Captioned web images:
------

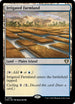 CMM 1005 Irrigated Farmland R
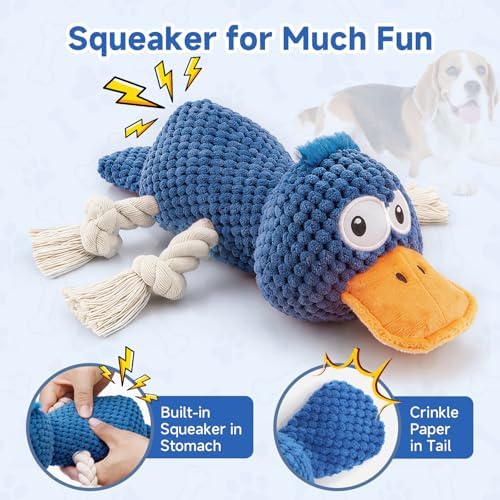 Squeaky Dog Toys, Interactive Duck Dog Toy for Small Medium Dogs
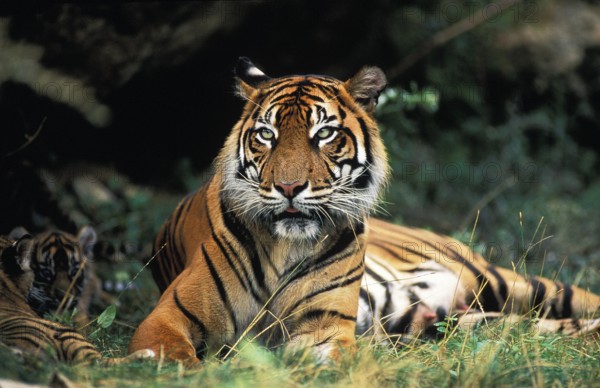 Sumatran Tiger (panthera tigris sumatrae), Mother and Cub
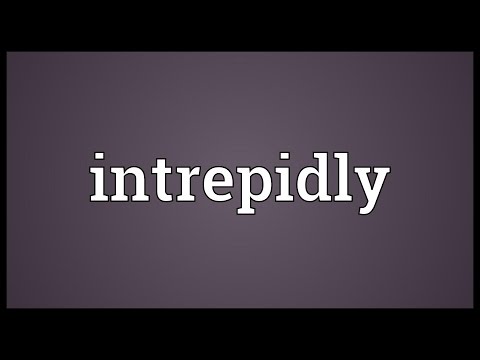 Header of intrepidly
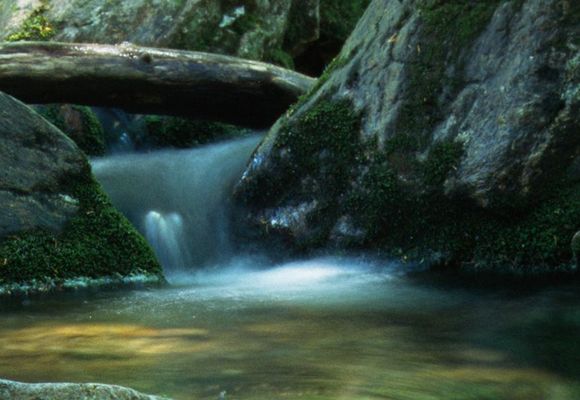 Das Wasser fließt zwischen großen, moosbedeckten Felsen hindurch. Ein Baumstamm liegt quer über dem Bach.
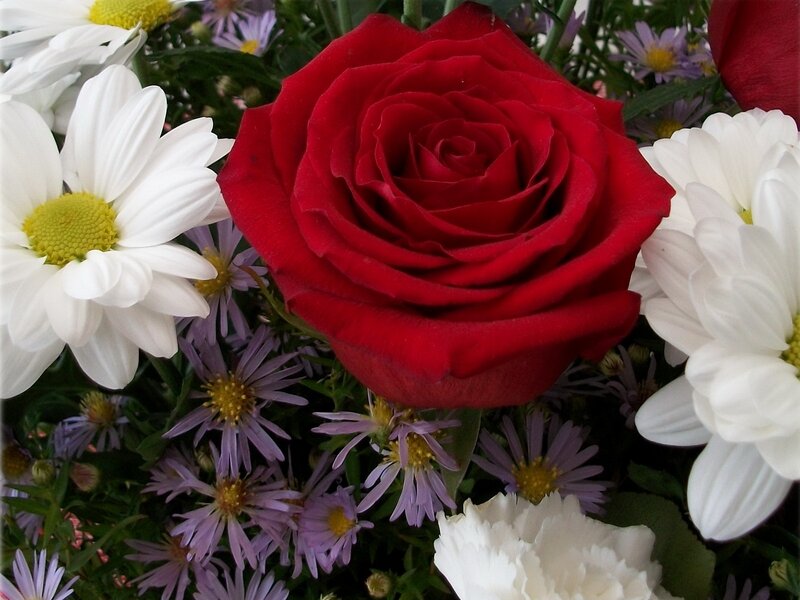 Red rose with white daisies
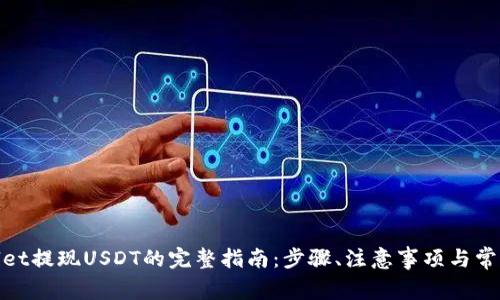 tpwallet提现USDT的完整指南：步骤、注意事项与常见问题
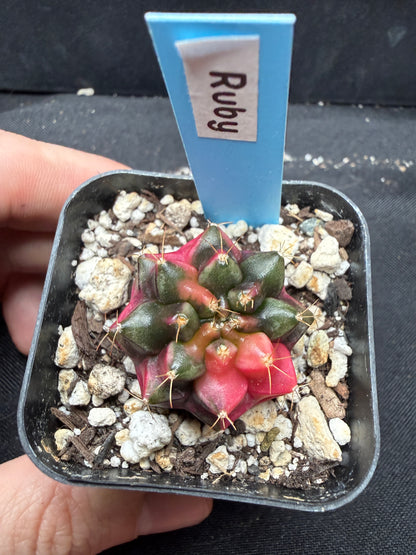 Gymnocalycium cultivar “ruby” 1065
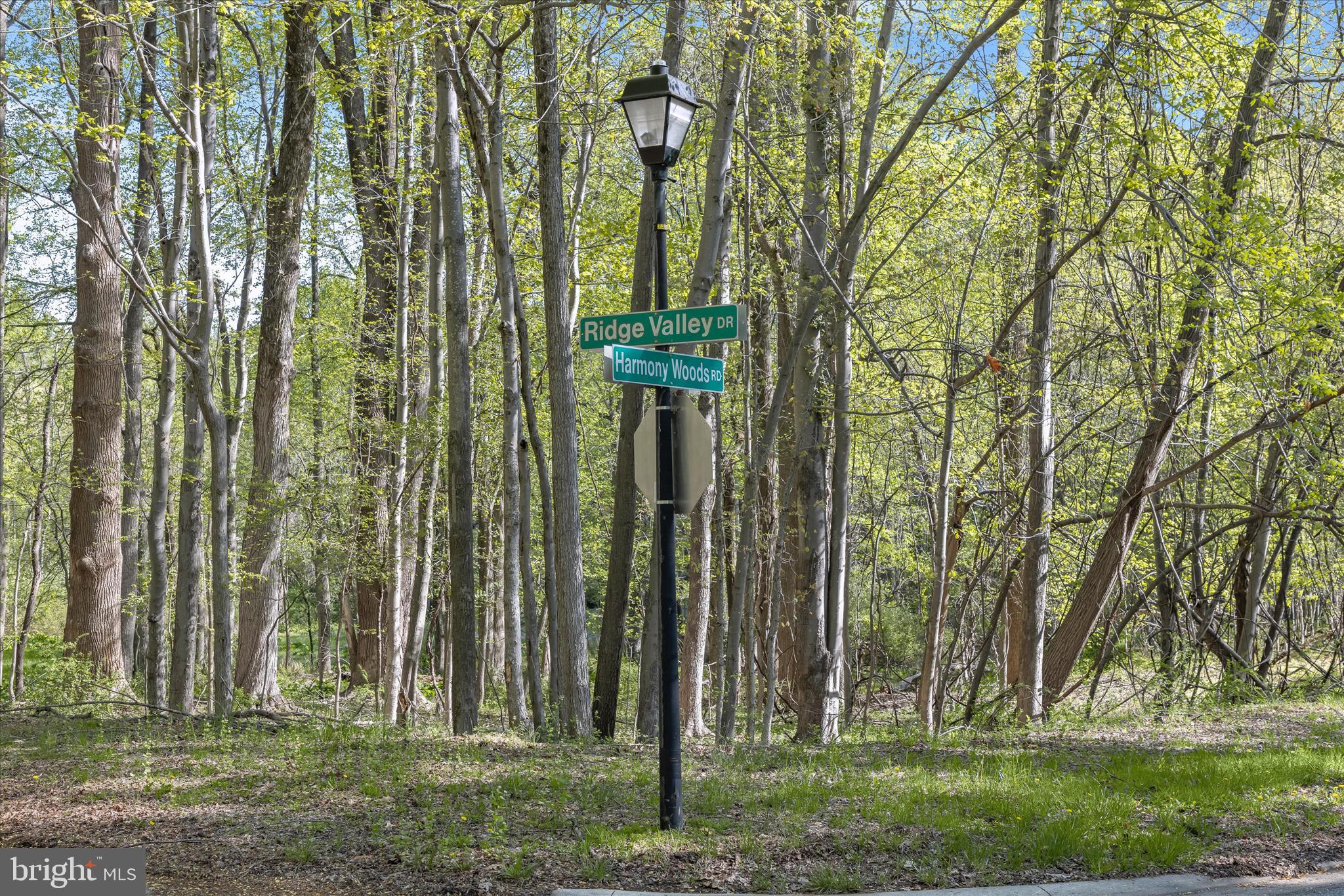 2204 Harmony Woods Road Owings Mills, MD 21117 - Photo 5 of 35 Grounds
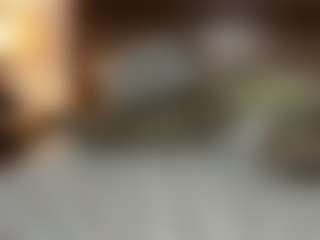 Live cam show with sophiamfgrace - Hairy Pussy on crypto-cams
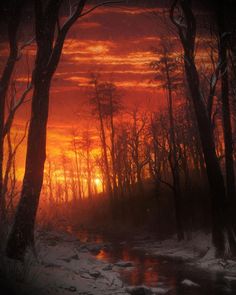 the sun is setting behind some trees in the snow covered forest with water running through it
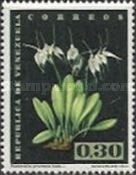Masdevallia tovarensis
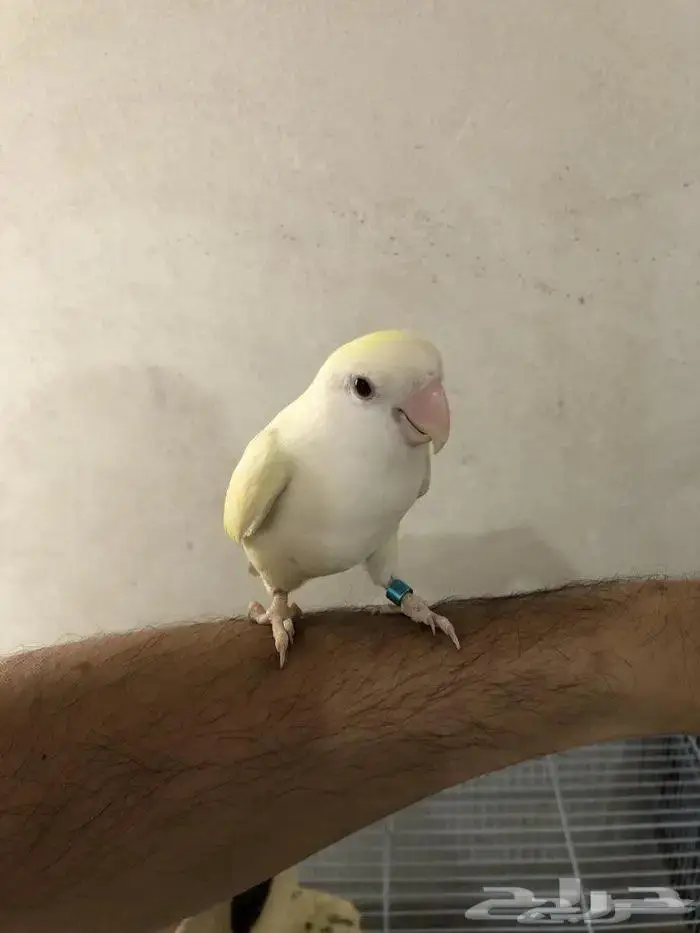 طيور روز زوج للبيع 1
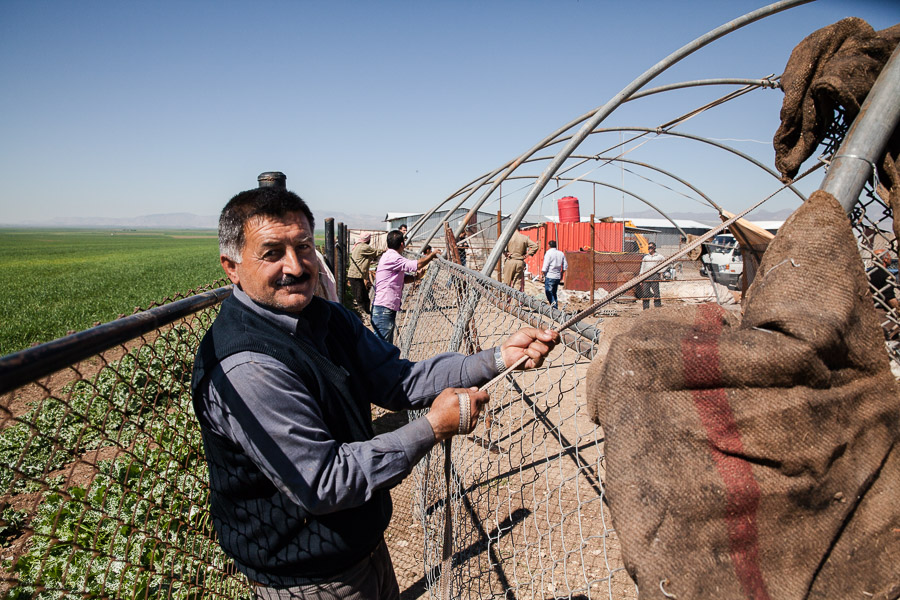 R&eacute;gion de Derik. Des exp&eacute;riences de culture de l&eacute;gumes en serre et de fonctionnement coop&eacute;ratif sont men&eacute;es, comme cette coop&eacute;rative agricole et laiti&egrave;re. Les d&eacute;buts de son fonctionnement sont prometteurs. Le but est d'&ecirc;tre auto-suffisant alimentairement.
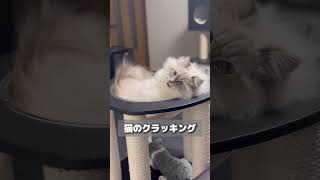 【猫のクラッキング】 #サイベリアン #ネヴァマスカレード #子猫 #猫 #cat #ねこ #もふもふ #shortvideo #猫動画 #shorts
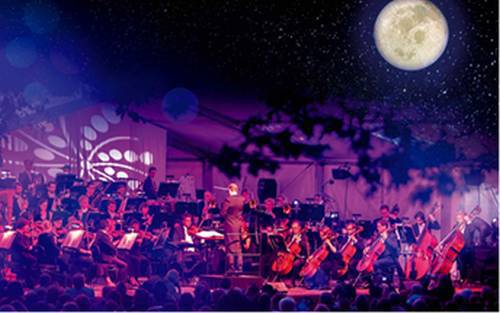 RACT Symphony under the Stars with the TSO at the Botanical Gardens is just the (free) ticket 1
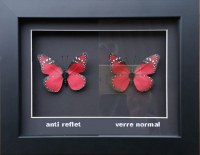 Plaque PLEXI Anti-reflet pour cadres affiches, posters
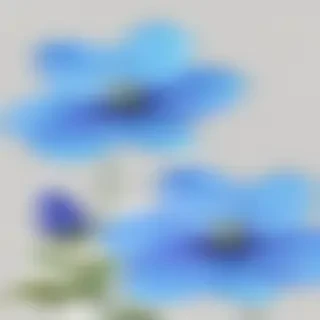 transparent blue flowers
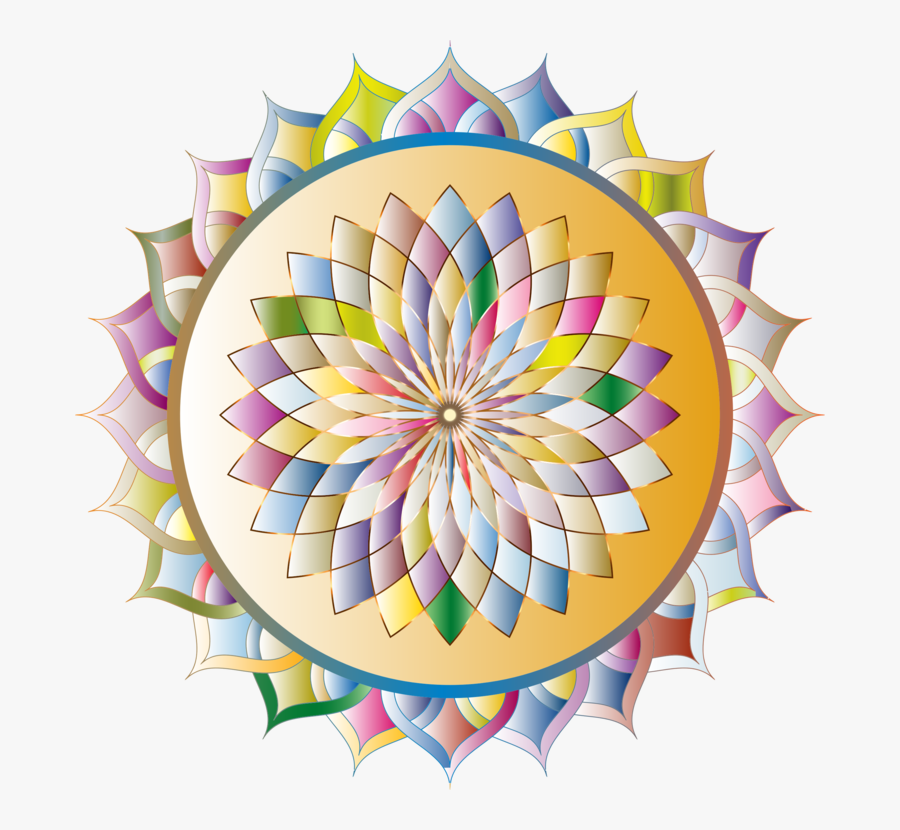 Flower,symmetry,petal - Circle, Transparent Clipart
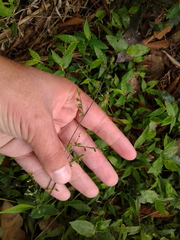 Pseudechinolaena polystachya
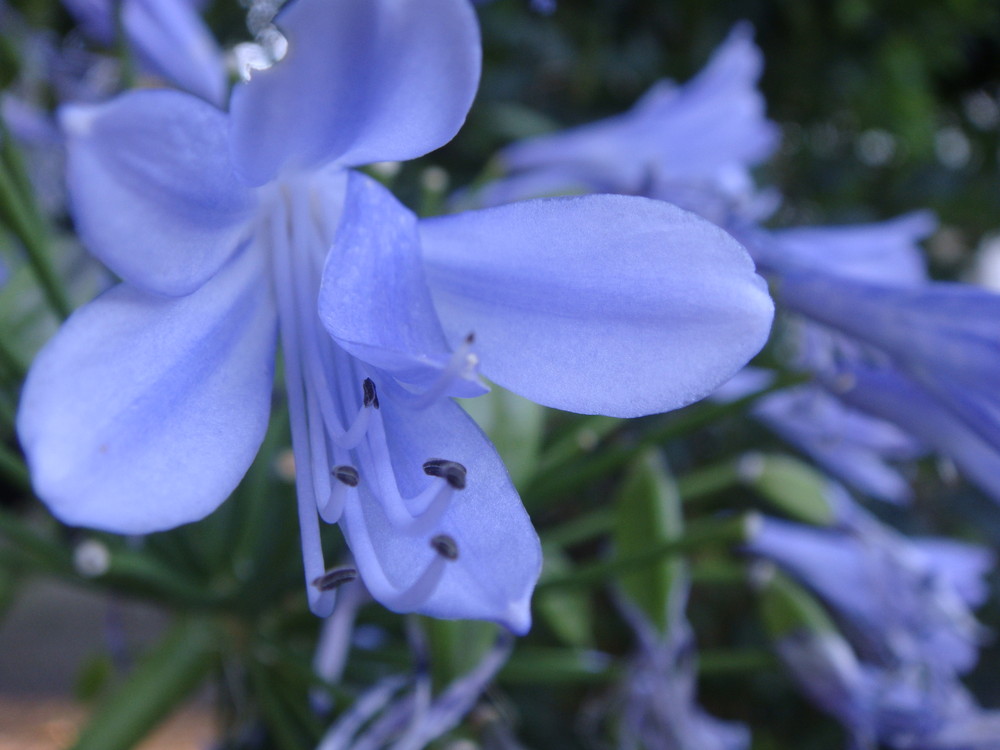 die Blütenpracht in vollem blau.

------

## EXERCISE INSTRUCTIONS
All pictures are to be skipped. Output, word for word, the lines in the data above starting at the line containing "the sun is setting" and ending at the line containing "#shortvideo #猫動画 #shorts".

## RESPONSE TO THE EXERCISE
 the sun is setting behind some trees in the snow covered forest with water running through it
Masdevallia tovarensis
 طيور روز زوج للبيع 1
 R&eacute;gion de Derik. Des exp&eacute;riences de culture de l&eacute;gumes en serre et de fonctionnement coop&eacute;ratif sont men&eacute;es, comme cette coop&eacute;rative agricole et laiti&egrave;re. Les d&eacute;buts de son fonctionnement sont prometteurs. Le but est d'&ecirc;tre auto-suffisant alimentairement.
 【猫のクラッキング】 #サイベリアン #ネヴァマスカレード #子猫 #猫 #cat #ねこ #もふもふ #shortvideo #猫動画 #shorts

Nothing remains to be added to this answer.